Monday, September 19, 2005

Managing Information News| British Library Put Manuscript Of 'Alice’s Adventures Under Ground' Online

Managing Information News| British Library Put Manuscript Of 'Alice’s Adventures Under Ground' Online: "On 21 September 2005, the original manuscript of Alice’s Adventures Under Ground, one of the world’s most popular and well known children’s books, will be available to internet users for the first time.

This latest addition to the British Library’s Turning the Pages is a fully digitised version of the original manuscript containing 90 pages and 37 illustrations. Its pages can be ‘virtually’ turned and viewed on-line on the British Library’s website, in the Treasures Gallery of the British Library and on a new CD-ROM.

Written by Lewis Carroll, the pen-name of Charles Lutwidge Dodgson, an Oxford mathematician, Alice’s Adventures Under Ground later published as Alice’s Adventures in Wonderland, was a gift to Alice Liddell. Carroll befriended Lorina, Alice and Edith Liddell, the young daughters of the Dean of his college, Christ Church, while taking photographs in the Deanery garden. One summer’s day in 1862 he entertained them on a boat trip with a story of Alice’s adventures in a magical world entered through a rabbit-hole. The children adored the story and the 10-year old Alice implored Carroll to write it down for her.

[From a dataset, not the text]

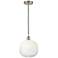 Edison Brookhaven Sphere 11"W Nickel Cord Pendant w/ Opal Shade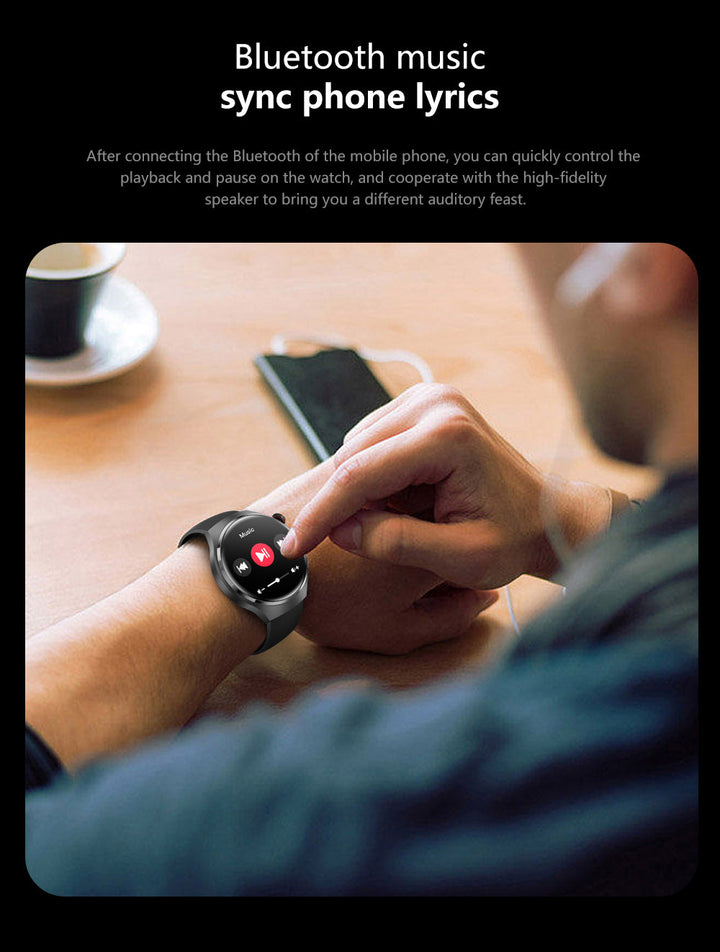 "Elegante GT4 Pro Smartwatch Herren, wasserdicht, schwarzes Gehäuse, AMOLED Display, GPS-Tracker, ideal für Sport"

It took Carroll until February 1863 to write out the whole text in neat ‘manuscript print’. When the text was completed Carroll added his illustrations and eventually presented Alice with the book in November 1864 with the inscription ‘A Christmas Gift to a Dear Child, in Memory of a Summer Day’.

Encouraged by friends and family, Carroll went on to rewrite and enlarge the story for publication in 1865. John Tenniel was commissioned to provide the illustrations, several of which were based on Carroll’s original sketches in the manuscript."